Pictures are not part of the copy. Write out exactly the lines from the line with "15 Royal Blue" through the end of the entries below.

[EXTRACTED MATERIAL]

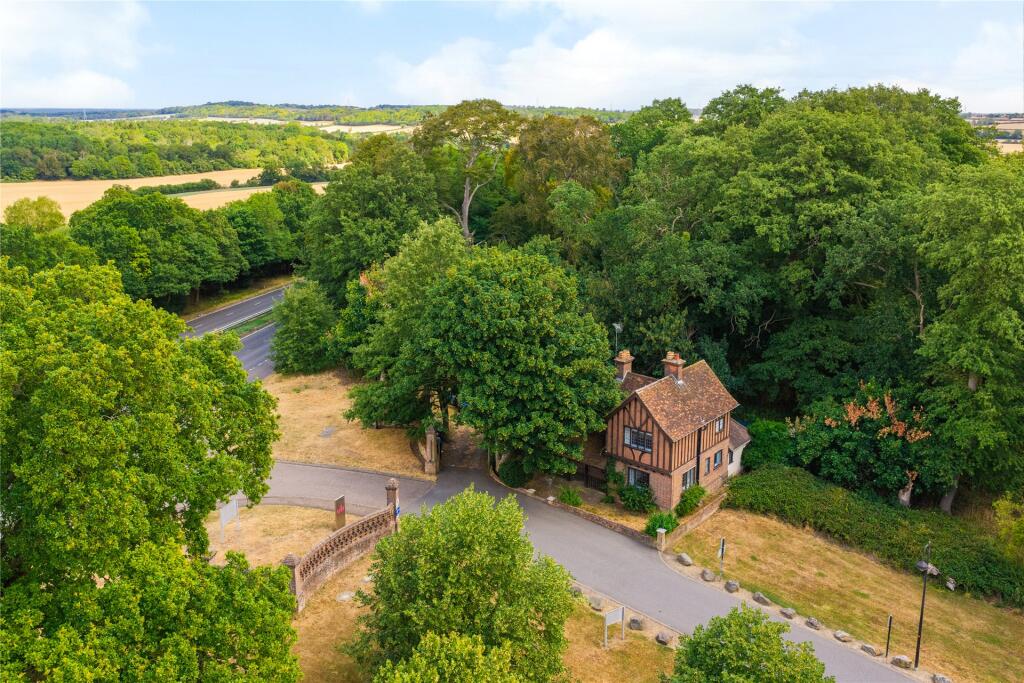 House in Luton - View 3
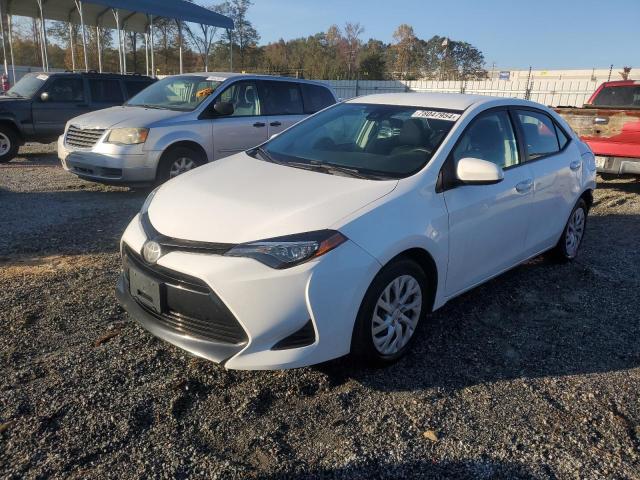 VIN 5YFBURHE8KP895649 2019 TOYOTA COROLLA no.1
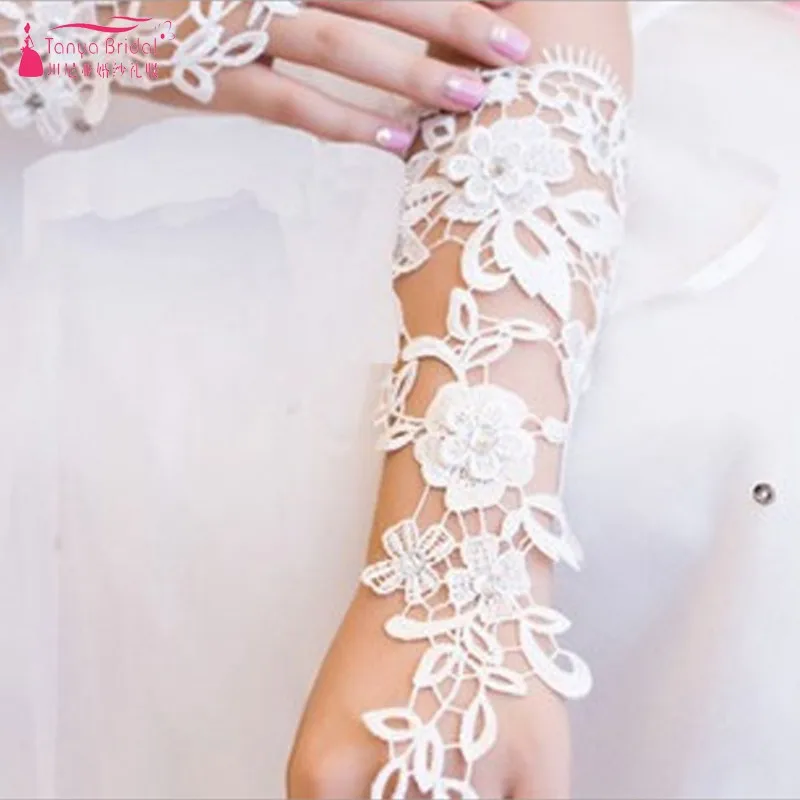 

2018 Vintage Luxury Lvory Lace Princess Bridal Gloves Fashion Female Long Design Wedding Dresses Gloves Hot Selling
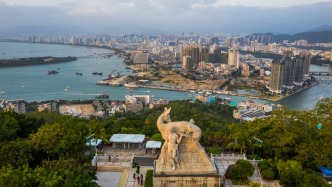记者手记丨三亚，当一座旅游城市开始思考更广阔的未来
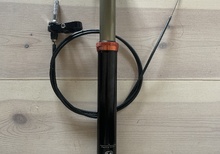 Dropper post  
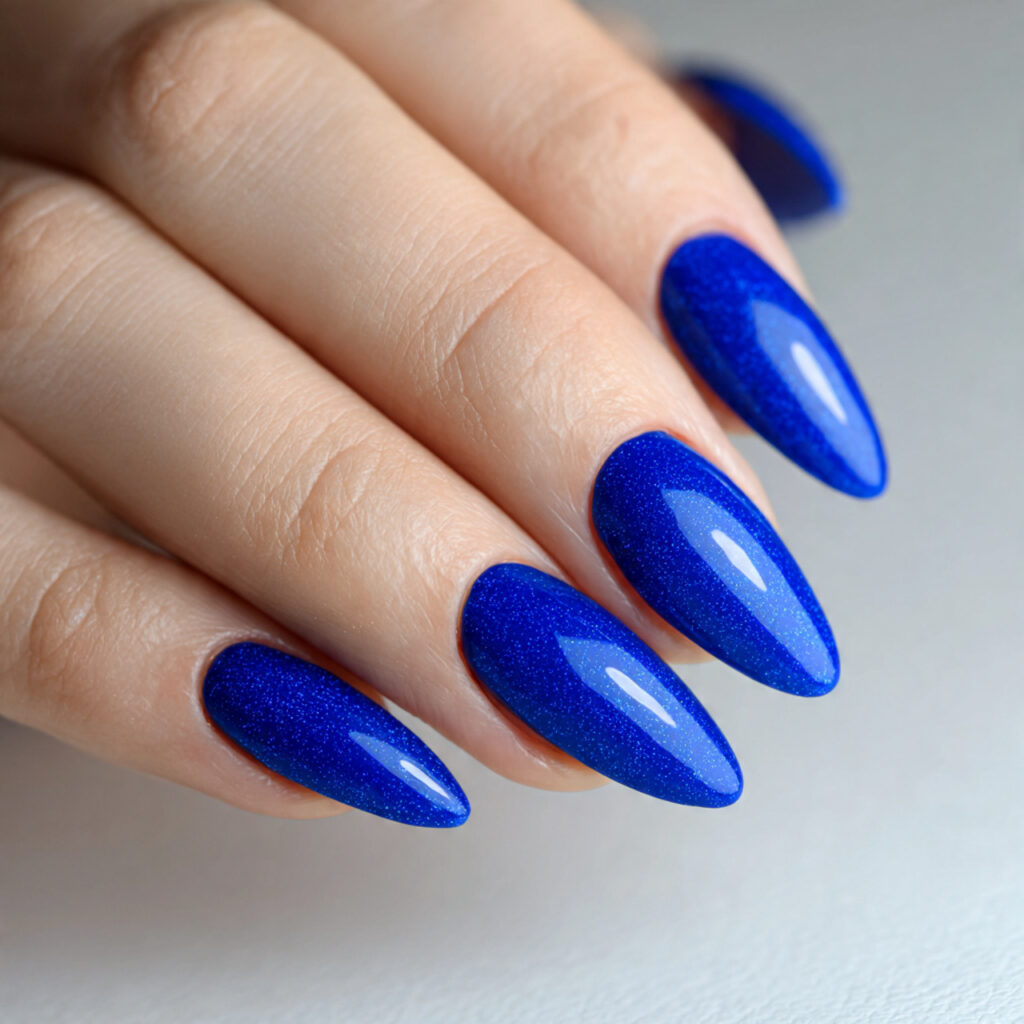 15 Royal Blue Nails That Instantly Elevate Your Style (And Yes, You Can Totally Wear Them Tomorrow) 5 royal blue almond nails
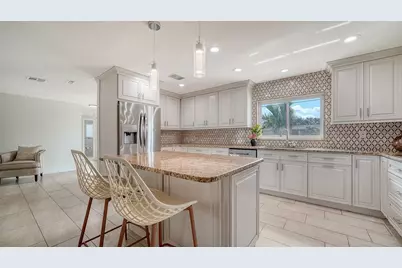 3085 Goldenrod Street, Sarasota, FL 34239 - Photo 11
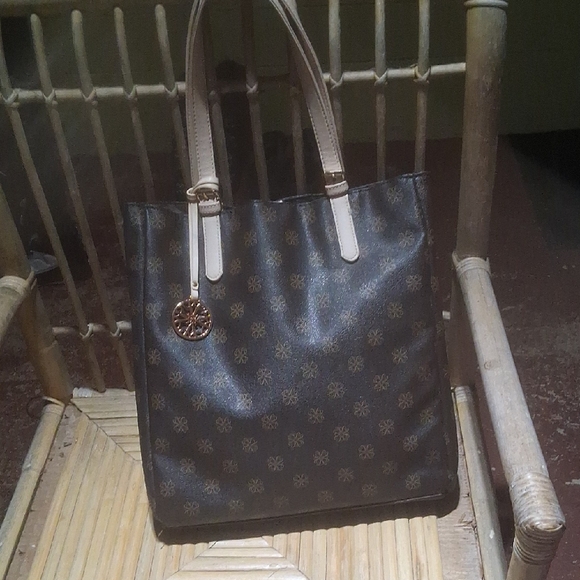 Avon Handbags - AVON SIGNATURE COLLECTION, MAYLIN TOTE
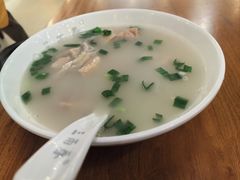 -三两春肚肺汤(崂山路店)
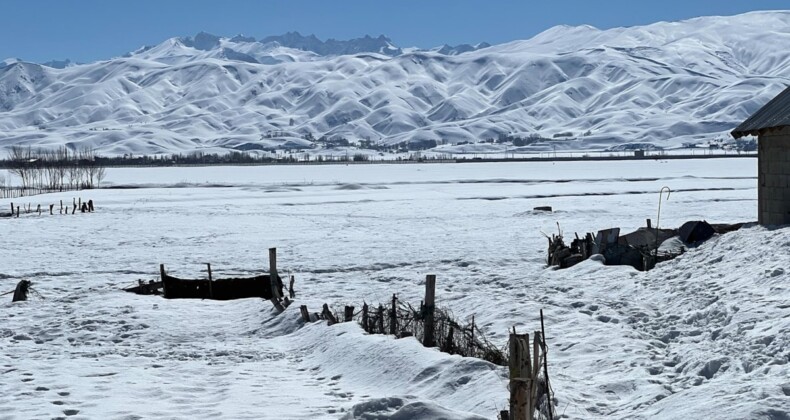 Hakkari’nin bir yanı bahar bir yanı kış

[/EXTRACTED MATERIAL]

* YOUR SOLUTION:
 15 Royal Blue Nails That Instantly Elevate Your Style (And Yes, You Can Totally Wear Them Tomorrow) 5 royal blue almond nails
 3085 Goldenrod Street, Sarasota, FL 34239 - Photo 11
 Avon Handbags - AVON SIGNATURE COLLECTION, MAYLIN TOTE
 -三两春肚肺汤(崂山路店)
 Hakkari’nin bir yanı bahar bir yanı kış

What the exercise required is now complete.